Anne Bishop, author of the award-winning Black Jewels Trilogy, returns to the Realms for this stand-alone prequel, the setting being a pre-industrial world where magic equals power and social status is pre-eminent, the course of a person's life determined by the color of the jewel one wears as revealed in an occult birthright ritual. The Realm of Hayll is under the rule of the ruthless, sadistic Queen Dorothea who seeks to increase her territory; to do this she controls (just barely) the dangerous but irresistably attractive Daemon Sadi who plays a small but significant role in the plot (fans of the previously written books will be glad to know).

The male protagonist is Jared, a youthful Red-Jeweled Warlord who, captured at 18 and forced to serve nine torturous years as a pleasure slave, murders his owner-queen and escapes, only to be caught and auctioned off into slavery again. A formidable Gray-Jeweled Queen, the female protagonist, shows up at the last minute and purchases him, ostensibly to add to her stable of idiosyncratically selected slaves -- but Jared's new mistress and her entourage are not what they seem. Their true nature is gradually revealed on the way home as Dorothea's forces attack the group, forcing them to take a desperate trip cross-country. The "Gray Lady" turns out to be Lia, a leader of the resistance against Dorothea's domination, a movement centered in the Territory of Dena Nehele where Lia plans to give her now-liberated slaves a chance to live in freedom. Their inevitable gratitude virtually guarantees participation in aiding the fight to be independent.

Along the way to the literally gut-wrenching and suspenseful climax of the story, there is plenty of adventure; romance (between Jared and Lia); dazzling wizardly pyrotechnics and internal workings of Bishop's unique and fascinating hierarchical magic system; and plenty of highly-charged, emotional character development often shown in scenes of totally non-gratuitous explicit eroticism sometimes quite sadistic on the part of the antagonists.

The narrative shifts point of view at intervals from the heroic Lia, Jared and their colorful, distinctive supporters to Dorothea and Lord Krelis, Master of the Queen's guard, equally vivid, fully-fleshed out and believable villains.

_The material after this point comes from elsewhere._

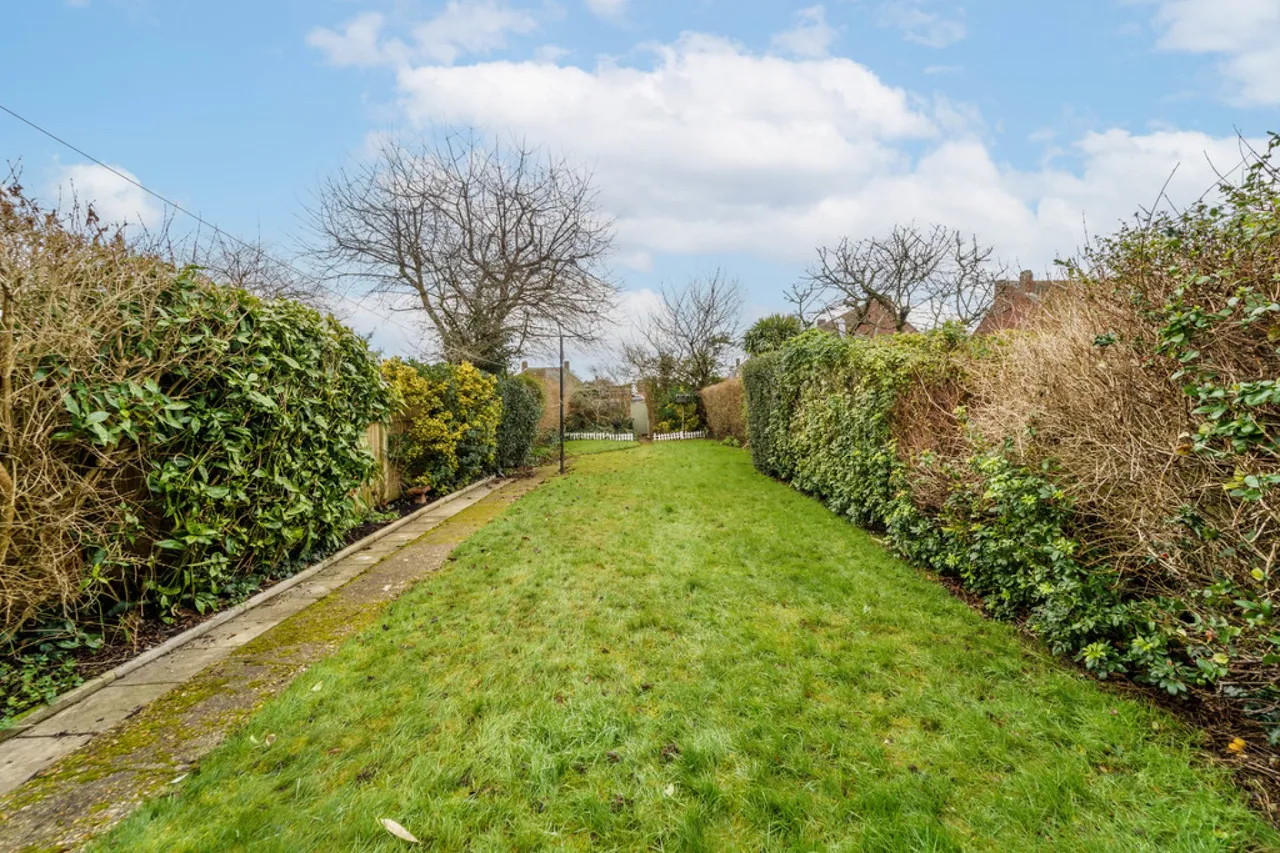 Elgin Avenue, Ashford, photo 4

The plot strands' convergence is skillfully handled, building tension and suspense right up until the end when Lord Krelis and his forces confront Lia, Jared and their intrepid band bolstered by citizens of Dena Nehele, an inevitable encounter after the pursuit/evasion scenarios that provided much of the momentum of the tale.

What makes Bishop's books transcend the formulas of the otherworld fantasy-adventure sub-genre to which they belong are her distinctively conceived, intricate societal and magic structure rich in strongly dark elements balanced by the firm belief in ideals like loyalty and love, and particularly the stories' intriguing, cleverly conceived often amusingly inverted gender roles as exemplified in the eponymous artifact -- an invisible version of the cock-ring used by powerful witches to control their males.

The characters are also especially interesting, Bishop being superb at depicting their essence through dialogue which can often be quite witty or emotionally heartwarming or chilling at the right moments. Then there's the author's overall sublime skill as a writer, blending the darkly macabre with spine-tingling emotional intensity, mesmerizing magic, lush sensuality, and exciting action all set in a thoroughly detailed invented world of cultures in conflict based on ingeniously reversed genre cliches. The Invisible Ring, for newcomers to Bishop's work, will serve as an enticement, whetting the appetite to explore more of the Realms in the Black Jewels Trilogy, while those who have already been entranced by the trio of titles will find herein a satisfying supplement. Either way one approaches this book, it and its predecessors are genuine gems of fantasy much to be prized!